The M6 had a crew of five to six men and a Wright G-2000 engine that was capable of propelling it at speeds of up to 35 km/h. It had a maximum range of around 160 kilometers and 2 speed forward, 1 speed reverse transmission system.
Armor thickness of the original design varied from 25 mm to 100 mm and its armament consisted of two 12.7 mm machine guns, three 7.62 mm machine guns, an additional M6 37 mm cannon, and a 76 mm main gun.
In February 1941, four different prototypes were built, with different combinations of transmission types and hull constructions, designated T1E1 through T1E4. After testing, a cast hull version with a torque converter was standardized as the M6 Heavy, a welded hull version of that as the M6A1, and a cast hull version with electric transmission was semi-officially called the M6A2. The A2 model was the most numerous, but only a total of 40 M6 type tanks were ever built.

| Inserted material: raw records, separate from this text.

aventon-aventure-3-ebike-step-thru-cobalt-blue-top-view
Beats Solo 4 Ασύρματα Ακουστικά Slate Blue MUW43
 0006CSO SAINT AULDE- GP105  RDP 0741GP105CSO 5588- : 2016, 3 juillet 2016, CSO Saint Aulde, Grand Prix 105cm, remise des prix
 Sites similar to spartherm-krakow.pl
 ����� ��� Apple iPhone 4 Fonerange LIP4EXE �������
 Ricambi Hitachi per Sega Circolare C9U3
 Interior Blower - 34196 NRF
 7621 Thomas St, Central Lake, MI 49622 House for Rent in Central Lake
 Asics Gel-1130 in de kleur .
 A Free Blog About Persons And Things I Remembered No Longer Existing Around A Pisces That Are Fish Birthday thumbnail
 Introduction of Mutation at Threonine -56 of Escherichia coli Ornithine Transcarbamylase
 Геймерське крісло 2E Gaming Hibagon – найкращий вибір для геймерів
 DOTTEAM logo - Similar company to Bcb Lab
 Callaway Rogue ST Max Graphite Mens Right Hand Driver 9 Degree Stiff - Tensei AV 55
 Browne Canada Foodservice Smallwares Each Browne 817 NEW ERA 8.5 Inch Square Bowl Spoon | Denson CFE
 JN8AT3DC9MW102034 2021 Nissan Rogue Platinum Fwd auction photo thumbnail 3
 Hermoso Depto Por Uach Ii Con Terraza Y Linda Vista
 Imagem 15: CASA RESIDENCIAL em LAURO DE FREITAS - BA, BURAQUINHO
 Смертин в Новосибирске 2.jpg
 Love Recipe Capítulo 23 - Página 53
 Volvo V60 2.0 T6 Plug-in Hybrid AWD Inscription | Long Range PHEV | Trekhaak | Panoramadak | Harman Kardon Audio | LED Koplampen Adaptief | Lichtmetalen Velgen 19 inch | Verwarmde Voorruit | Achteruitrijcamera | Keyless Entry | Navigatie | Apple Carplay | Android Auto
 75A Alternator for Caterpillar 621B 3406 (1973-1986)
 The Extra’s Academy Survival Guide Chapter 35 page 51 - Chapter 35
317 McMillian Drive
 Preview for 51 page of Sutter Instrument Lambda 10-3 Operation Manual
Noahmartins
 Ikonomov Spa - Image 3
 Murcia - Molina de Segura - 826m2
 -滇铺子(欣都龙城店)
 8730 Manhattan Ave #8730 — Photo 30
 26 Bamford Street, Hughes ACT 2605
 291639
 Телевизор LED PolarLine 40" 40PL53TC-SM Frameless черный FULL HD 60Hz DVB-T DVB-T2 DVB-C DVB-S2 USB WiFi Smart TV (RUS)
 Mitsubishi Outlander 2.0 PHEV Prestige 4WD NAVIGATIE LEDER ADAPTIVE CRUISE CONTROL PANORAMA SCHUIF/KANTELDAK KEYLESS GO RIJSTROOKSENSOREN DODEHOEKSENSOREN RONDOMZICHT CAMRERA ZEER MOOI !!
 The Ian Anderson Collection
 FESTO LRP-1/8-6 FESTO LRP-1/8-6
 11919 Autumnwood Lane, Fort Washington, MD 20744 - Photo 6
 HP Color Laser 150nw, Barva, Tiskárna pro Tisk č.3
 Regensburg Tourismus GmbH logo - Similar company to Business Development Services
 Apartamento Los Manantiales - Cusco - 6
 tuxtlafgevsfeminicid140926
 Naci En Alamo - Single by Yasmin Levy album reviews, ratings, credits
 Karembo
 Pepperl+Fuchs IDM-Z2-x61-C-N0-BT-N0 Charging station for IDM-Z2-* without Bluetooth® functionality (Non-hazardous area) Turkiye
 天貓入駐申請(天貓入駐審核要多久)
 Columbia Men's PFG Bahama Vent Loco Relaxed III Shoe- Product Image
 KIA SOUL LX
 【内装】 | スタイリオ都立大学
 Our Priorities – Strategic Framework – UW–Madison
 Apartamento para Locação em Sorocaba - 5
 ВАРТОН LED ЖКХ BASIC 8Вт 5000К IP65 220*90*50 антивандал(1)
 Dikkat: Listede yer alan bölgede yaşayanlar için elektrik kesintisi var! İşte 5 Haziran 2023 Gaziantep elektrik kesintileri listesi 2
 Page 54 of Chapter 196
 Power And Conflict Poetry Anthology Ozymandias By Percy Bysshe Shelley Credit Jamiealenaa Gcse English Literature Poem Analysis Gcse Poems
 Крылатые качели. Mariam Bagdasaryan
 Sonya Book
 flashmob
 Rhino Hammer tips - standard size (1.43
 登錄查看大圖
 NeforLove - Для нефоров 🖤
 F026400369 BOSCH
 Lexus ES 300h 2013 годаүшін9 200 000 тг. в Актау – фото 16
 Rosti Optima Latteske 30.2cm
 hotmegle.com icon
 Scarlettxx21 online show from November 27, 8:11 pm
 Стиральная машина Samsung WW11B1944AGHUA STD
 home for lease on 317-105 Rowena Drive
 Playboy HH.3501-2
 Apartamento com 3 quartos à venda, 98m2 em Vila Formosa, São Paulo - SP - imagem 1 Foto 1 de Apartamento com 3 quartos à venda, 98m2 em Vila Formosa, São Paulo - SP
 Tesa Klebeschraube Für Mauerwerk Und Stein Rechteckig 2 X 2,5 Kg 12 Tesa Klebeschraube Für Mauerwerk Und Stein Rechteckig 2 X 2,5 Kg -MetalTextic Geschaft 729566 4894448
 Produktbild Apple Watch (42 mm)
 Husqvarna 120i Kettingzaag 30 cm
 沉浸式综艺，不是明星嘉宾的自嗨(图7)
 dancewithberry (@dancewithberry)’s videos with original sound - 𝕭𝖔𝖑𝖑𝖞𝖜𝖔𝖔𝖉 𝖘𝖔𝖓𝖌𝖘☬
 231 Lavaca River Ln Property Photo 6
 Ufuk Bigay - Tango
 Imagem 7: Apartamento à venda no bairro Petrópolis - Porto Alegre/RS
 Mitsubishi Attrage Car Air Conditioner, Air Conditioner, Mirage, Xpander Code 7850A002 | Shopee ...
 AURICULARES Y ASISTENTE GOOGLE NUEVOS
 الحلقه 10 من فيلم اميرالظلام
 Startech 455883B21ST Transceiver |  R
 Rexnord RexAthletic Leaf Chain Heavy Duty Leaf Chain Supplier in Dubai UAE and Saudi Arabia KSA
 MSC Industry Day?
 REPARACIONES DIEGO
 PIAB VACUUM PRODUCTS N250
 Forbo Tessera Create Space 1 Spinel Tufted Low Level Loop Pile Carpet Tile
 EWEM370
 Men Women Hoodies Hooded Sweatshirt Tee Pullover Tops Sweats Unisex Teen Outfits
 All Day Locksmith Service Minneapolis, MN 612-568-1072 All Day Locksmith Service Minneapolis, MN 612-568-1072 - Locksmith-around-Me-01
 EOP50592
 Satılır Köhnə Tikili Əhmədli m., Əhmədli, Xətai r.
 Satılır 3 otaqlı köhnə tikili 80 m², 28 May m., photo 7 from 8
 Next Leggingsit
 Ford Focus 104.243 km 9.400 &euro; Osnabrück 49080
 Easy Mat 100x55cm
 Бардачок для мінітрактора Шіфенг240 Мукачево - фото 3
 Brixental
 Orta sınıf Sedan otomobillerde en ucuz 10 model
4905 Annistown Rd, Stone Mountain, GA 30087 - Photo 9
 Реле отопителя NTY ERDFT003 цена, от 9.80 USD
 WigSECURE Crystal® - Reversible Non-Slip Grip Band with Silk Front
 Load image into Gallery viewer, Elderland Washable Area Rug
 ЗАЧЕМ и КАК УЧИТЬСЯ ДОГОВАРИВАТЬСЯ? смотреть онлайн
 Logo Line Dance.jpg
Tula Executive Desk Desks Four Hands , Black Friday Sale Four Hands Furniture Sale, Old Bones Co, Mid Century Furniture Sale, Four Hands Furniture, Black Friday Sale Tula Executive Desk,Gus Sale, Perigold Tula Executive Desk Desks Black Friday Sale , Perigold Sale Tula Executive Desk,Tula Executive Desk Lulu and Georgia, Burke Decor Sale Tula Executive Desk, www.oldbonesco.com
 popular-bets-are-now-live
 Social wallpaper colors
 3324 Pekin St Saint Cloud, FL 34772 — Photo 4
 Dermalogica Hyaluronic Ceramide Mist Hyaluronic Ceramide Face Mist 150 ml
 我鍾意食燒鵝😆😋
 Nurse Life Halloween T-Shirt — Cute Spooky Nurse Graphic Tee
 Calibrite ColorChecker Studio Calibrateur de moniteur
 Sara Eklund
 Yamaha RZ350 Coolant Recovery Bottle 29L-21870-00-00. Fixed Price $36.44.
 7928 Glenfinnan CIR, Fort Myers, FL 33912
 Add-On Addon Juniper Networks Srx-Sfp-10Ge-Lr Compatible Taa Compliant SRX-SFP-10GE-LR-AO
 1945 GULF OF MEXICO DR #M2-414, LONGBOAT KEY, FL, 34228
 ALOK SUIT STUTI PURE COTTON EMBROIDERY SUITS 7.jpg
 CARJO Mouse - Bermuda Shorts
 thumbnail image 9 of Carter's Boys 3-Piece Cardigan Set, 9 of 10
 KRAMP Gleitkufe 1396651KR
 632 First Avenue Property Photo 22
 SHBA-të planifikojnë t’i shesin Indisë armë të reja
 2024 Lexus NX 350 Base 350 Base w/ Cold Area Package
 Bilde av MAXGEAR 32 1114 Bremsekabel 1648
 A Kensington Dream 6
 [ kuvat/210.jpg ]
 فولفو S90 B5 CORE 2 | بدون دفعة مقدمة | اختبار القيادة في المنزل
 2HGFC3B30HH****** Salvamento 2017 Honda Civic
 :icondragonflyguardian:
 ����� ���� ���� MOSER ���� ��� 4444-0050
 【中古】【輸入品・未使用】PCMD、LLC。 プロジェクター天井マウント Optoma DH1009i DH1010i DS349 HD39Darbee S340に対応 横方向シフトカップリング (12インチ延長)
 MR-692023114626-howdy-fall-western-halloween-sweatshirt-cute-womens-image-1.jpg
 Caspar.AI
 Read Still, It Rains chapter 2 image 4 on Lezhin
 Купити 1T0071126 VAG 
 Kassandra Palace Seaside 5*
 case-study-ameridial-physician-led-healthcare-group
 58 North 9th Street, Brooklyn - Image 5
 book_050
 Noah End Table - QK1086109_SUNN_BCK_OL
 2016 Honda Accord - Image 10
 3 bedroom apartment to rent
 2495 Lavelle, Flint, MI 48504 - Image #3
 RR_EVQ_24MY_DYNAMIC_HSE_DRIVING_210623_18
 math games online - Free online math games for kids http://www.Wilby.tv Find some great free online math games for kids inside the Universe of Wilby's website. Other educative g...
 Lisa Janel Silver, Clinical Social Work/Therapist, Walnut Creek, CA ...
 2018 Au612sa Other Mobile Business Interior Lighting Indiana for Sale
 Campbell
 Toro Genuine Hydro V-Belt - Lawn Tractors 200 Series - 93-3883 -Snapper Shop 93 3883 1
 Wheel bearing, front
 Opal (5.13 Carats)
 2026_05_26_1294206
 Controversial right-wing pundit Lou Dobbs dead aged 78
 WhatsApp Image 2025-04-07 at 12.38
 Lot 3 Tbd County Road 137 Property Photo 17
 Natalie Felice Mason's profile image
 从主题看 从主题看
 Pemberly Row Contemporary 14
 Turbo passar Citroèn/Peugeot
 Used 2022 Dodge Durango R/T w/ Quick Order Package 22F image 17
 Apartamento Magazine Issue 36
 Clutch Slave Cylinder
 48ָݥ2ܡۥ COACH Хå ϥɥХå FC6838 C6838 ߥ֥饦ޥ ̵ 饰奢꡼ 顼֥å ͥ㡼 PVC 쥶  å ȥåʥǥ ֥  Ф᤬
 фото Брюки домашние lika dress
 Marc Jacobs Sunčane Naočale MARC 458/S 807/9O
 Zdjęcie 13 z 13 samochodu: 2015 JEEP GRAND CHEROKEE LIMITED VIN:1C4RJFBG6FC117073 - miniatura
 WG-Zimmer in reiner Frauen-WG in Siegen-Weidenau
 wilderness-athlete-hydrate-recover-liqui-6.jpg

The M6 was at first designed to be a heavier counterpart to the M3 Medium Tank, with a similar armament, with a hull mounted 75 mm gun and a turret mounted 37 mm anti-tank gun. But, in 1940, that specification was recalled, and a new one was issued: a more conventional layout of a turret mounting a 76 mm anti-tank gun with a coaxial 37 mm anti-tank gun, with maximum armor protection of 5.23 inches and a speed of 22 mph. The project was cancelled when it was decided to concentrate on fewer heavy tank designs, sealing the fate of U.S. heavy tanks until the M26 finally got through the red tape.